I think you wanted the for-loop to make successive calls to f.read(128). That can be done using iter() and functools.partial():

import hashlib
from functools import partial

def md5sum(filename):
    with open(filename, mode='rb') as f:
        d = hashlib.md5()
        for buf in iter(partial(f.read, 128), b''):
            d.update(buf)
    return d.hexdigest()

print(md5sum('utils.py'))

Solution 2

for buf in f.read(128):
  d.update(buf)

.. updates the hash sequentially with each of the first 128 bytes values of the file. Since iterating over a bytes produces int objects, you get the following calls which cause the error you encountered in Python3.

d.update(97)
d.update(98)
d.update(99)
d.update(100)

which is not what you want.

Instead, you want:

def md5sum(filename):
  with open(filename, mode='rb') as f:
    d = hashlib.md5()
    while True:
      buf = f.read(4096) # 128 is smaller than the typical filesystem block
      if not buf:
        break
      d.update(buf)
    return d.hexdigest()

Solution 3

I finally changed my code to the version below (that I find easy to understand) after asking the question.
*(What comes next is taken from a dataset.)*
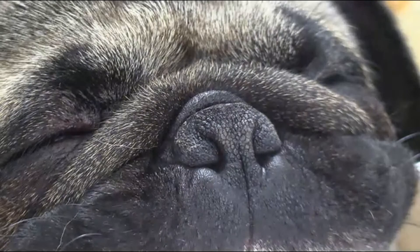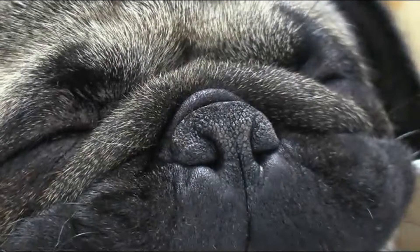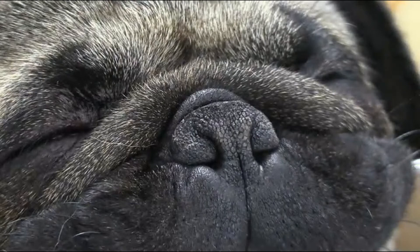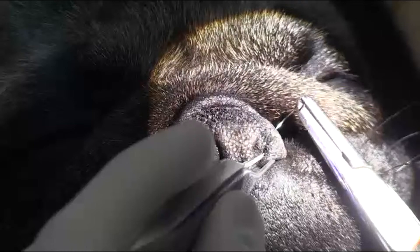Hi guys, this is Charles and I'm one of the surgeons at Southpaw's. Today we are doing another brachycephalic airway surgery in a dog. I'm going to start doing the conventional wedge alar plasty and then I'm going to do a folded flap palatoplasty, and I'm using coblation to get rid of the residual or redundant soft palate, which is a little different from the way you might have seen in the past.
But I will probably change it to the version suggested by Raymond Hetting unsing functools.partial.

import hashlib

def chunks(filename, chunksize):
    f = open(filename, mode='rb')
    buf = "Let's go"
    while len(buf):
        buf = f.read(chunksize)
        yield buf

def md5sum(filename):
    d = hashlib.md5()
    for buf in chunks(filename, 128):
        d.update(buf)
    return d.hexdigest()

25,512

kriss

Updated on February 12, 2020

Comments

kriss over 4 years
With python 2.7 the following code computes the mD5 hexdigest of the content of a file.

(EDIT: well, not really as answers have shown, I just thought so).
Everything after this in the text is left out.